In a move that is hopefully invisible to most Lab staff, ITSD has been moving NT4 Master Domain file and print sharing accounts to a new Microsoft Active Directory environment, with the goal of retiring the current NT4 domain by the end of 2004. Windows NT4 is approaching its end of life, NT4 workstations this year and NT4 servers at the end of 2004. More than 80 users have been migrated to Active Directory during the first four months of a highly successful trial deployment.

The move is expected to reduce costs and improve security for users of the systems. Active Directory provides an upgrade path for scientific customers currently using Windows NT4 for file and print sharing. CITG plans to offer a more seamless connection between the Novell eDirectory and Windows Active Directory environments the future, allowing for single username and password between the two systems.

The Active Directory upgrade offers a parallel infrastructure to the existing Novell eDirectory infrastructure to Lab. The Novell infrastructure will continue to be the primary file and print service at the Lab, providing centralized home directories, printing and application distribution for the foreseeable future.

Current plans call for converting individual user accounts on the NT4 master domain as staff in the Mac/PC Support Group (MPSG) are able to identify and make contact with users. The conversion procedure takes less than 30 minutes. Beginning August 1st, CITG only creates new NT4 domain accounts for people with a required need to access NT4 domain information. Those not needing this access will be given an Active Directory account when requesting a domain account.

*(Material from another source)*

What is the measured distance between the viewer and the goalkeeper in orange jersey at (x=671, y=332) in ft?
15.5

More complex conversions involving customer-maintained NT4 domains will occur during the next year. The initial focus of these domain migrations has been in Calvin Lab (Physical Biosciences) and Earth Sciences. Current domain administrators will continue to do their work as organizational unit (OU) administrators in Active Directory. An introductory one-day OU management and conversion class has been developed for ITSD support staff and administrators of NT4 environments that want to move forward.

Active Directory represents a cost savings to divisions with their own NT4 infrastructure. Domain controllers will be maintained by ITSD. Windows Active Directory integration with DNS has been configured for the Lab environment. Customers only have to concern themselves with the application and file servers used to support their business. In addition, central support of Active Directory means that the ITSD Help Desk will be able to establish accounts and reset passwords for user, relieving local system administration staff of the burden of these routine jobs.

Finally, with the completion of the Termination Notification System (TNS) rollout, Active Directory accounts can be included in the notification process, improving cyber security by insuring the timely disabling and deleting of accounts for departing staff.

One change that is based more on security policy rather than the conversion to Active Directory involves the use of complex passwords. The Active Directory environment has been set up to require complex passwords (eight or more characters, including upper and lower case letters, numbers and/or special characters). See the Password Guidelines Web page for guidance.